17 de Abril de 1969. A rebeldia e o pensamento libertino, oriundos da massa estudantil de Coimbra, geraram, durante séculos, um oásis de versatilidade intelectual que a elevaram a um patamar mais ou menos único de reflexão e de incentivo à evocação do espírito crítico, num sentido amplo da “coisa”. Abril de 1969 foi simplesmente mais um episódio desta longa e desafiante travessia pelo deserto moribundo de ideias e políticas impostas a uma geração que não se vergou. À época, Alberto Martins, presidente da Direcção-Geral da Associação Académica de Coimbra, pediu cordialmente o uso da palavra durante a cerimónia de inauguração do novo edifício das Matemáticas da UC, perante uma plateia atestada por nomes “de peso” do Estado Novo, estrategicamente circundada por PIDE’s atentos aos movimentos mais duvidosos do corpo estudantil mais “insurrecto e perturbador”, pensavam decerto. A Alberto Martins foi-lhe negada a palavra: tinha início a Crise Académica de 1969, numa luta contínua pela “democratização do ensino”, pela “reintegração de professores”, pela liberdade de pensamento” e por aí adiante. Foi há 52 anos que os estudantes de Coimbra foram objecto de constantes cargas policiais, a mando de um regime podre como as cadeiras da Faculdade de Direito (talvez hoje já se encontrem melhorzitas, mais saudáveis e devidamente envernizadas) e que impunha aos estudantes doutrinas e assuntos gastos, alimentados pela velhaca filosofia de pão e circo, à boa maneira da II República Portuguesa.

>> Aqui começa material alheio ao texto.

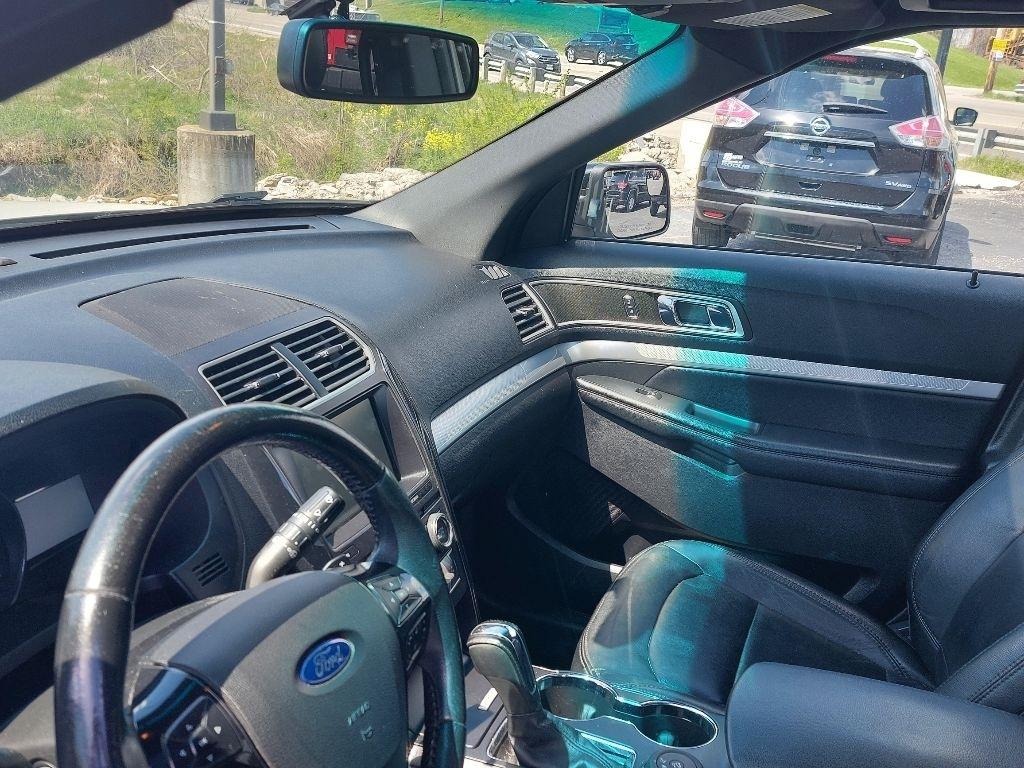 Ford Explorer  2016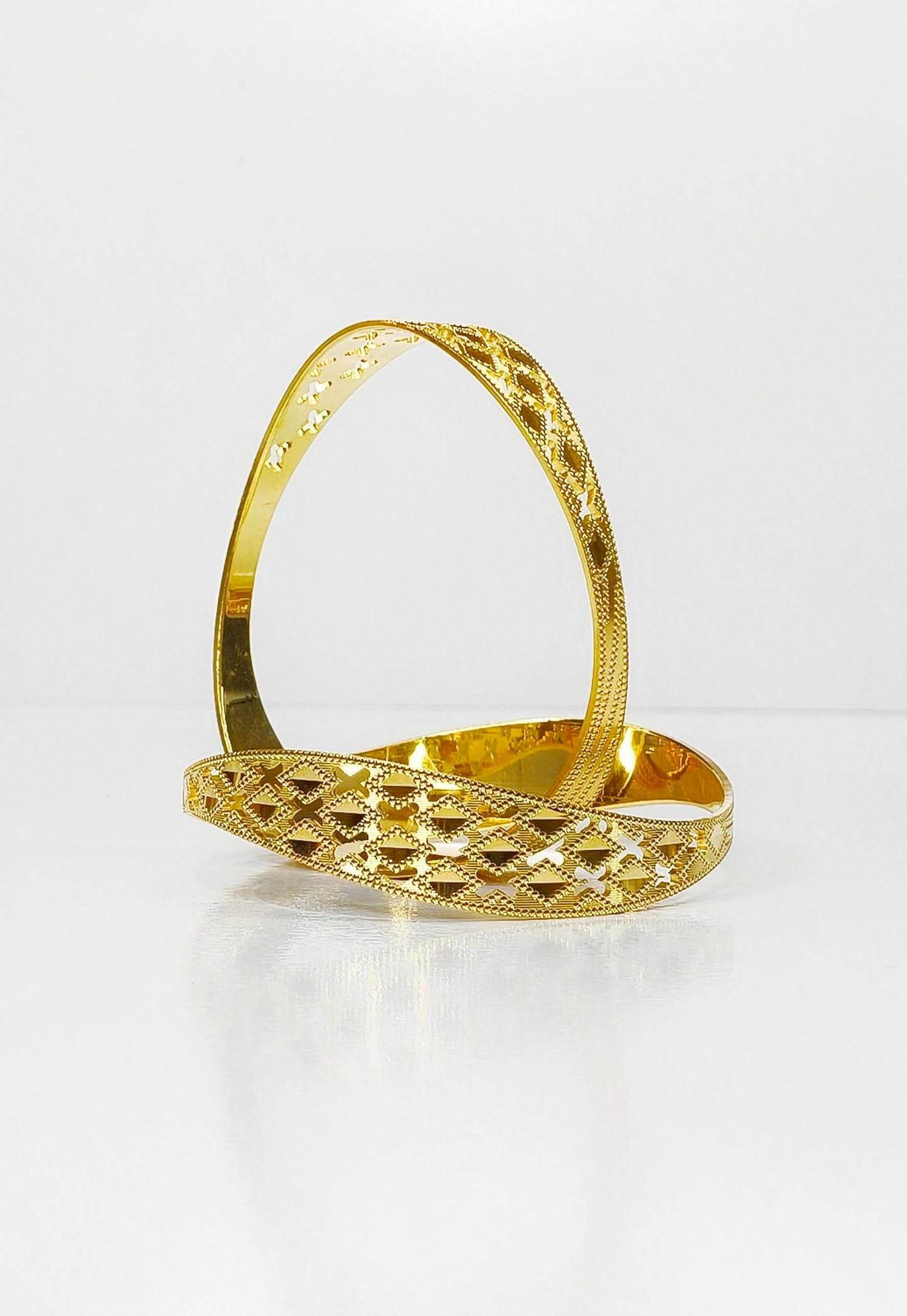 Forming 2 pc’s Bangles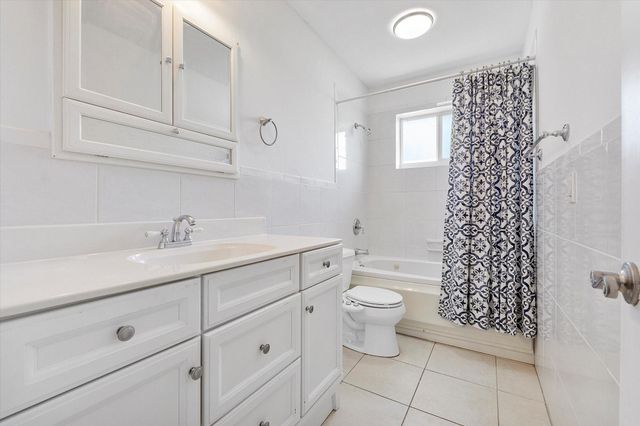 1353 SE 7th Ct, Deerfield Beach, FL 33441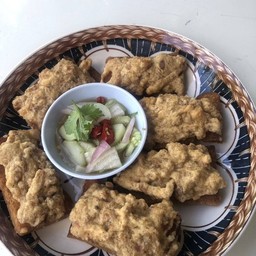 ขนมปังหน้าหมู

Tal como agora, a luta da academia coimbrã perdurou e perdurou. Sem se curvar perante a falsa lucidez desta espécie de nova “brigada do reumático”. O regime vigente de então tremeu de tal forma como se de um pequeno vulcão prestes a entrar em erupção se tratasse, procurando, até, abafar Coimbra do resto do país. A angústia e a inoperância do mesmo eram tão intensas como aquela que sentiu a repórter da CMTV quando resolveu abordar um ex-primeiro-ministro ilibadíssimo numa esplanada, enquanto bebia um fino. Adiante. A muitos estudantes, o Estado Novo exigiu o serviço militar, e, consequentemente, a ida para um Ultramar em guerra há quase uma década. Foi a solução encontrada. Foi a solução extrema encontrada, de cariz desesperante. Mas o tiro saiu-lhes pela culatra: nos quartéis, a palavra de rebelião, com base naquilo que se ia vivendo por Coimbra, era passada, para espanto de muitos que desconheciam por completo o que por lá se passava. Era apenas o resultado da tentativa de amordaçar a voz da sensatez, a voz de uma academia revoltosa e que foi o farol da liberdade – a par dos Congressos da Oposição Democrática, bem ali ao lado, em Aveiro, poucos anos mais tarde. No entanto, em Coimbra, o luto académico seguia, alimentado por reuniões, ora clandestinas ora nas várias esplanadas dispersas pela Praça da República, sem necessidade de distanciamentos sociais ou máscaras. Ainda não existia ASAE, mas proliferavam PIDE’s em esquinas e não só (falo dos bufos, estão a ver?).

Abril de 1969 rasgou aquele trilho compactado por uma vegetação arcaica e de pensamento à “Walking Dead” ruralizado, e fê-lo “caminhável” rumo a Abril de 1974. A voz amordaçada, a voz silenciada transformou-se no trampolim para o pensamento livre e crítico. Mas importa dizer: convém (mesmo!) que a rebeldia da academia coimbrã de 1969 jamais se esgote, pá! Para bem de todos, faz falta, sim.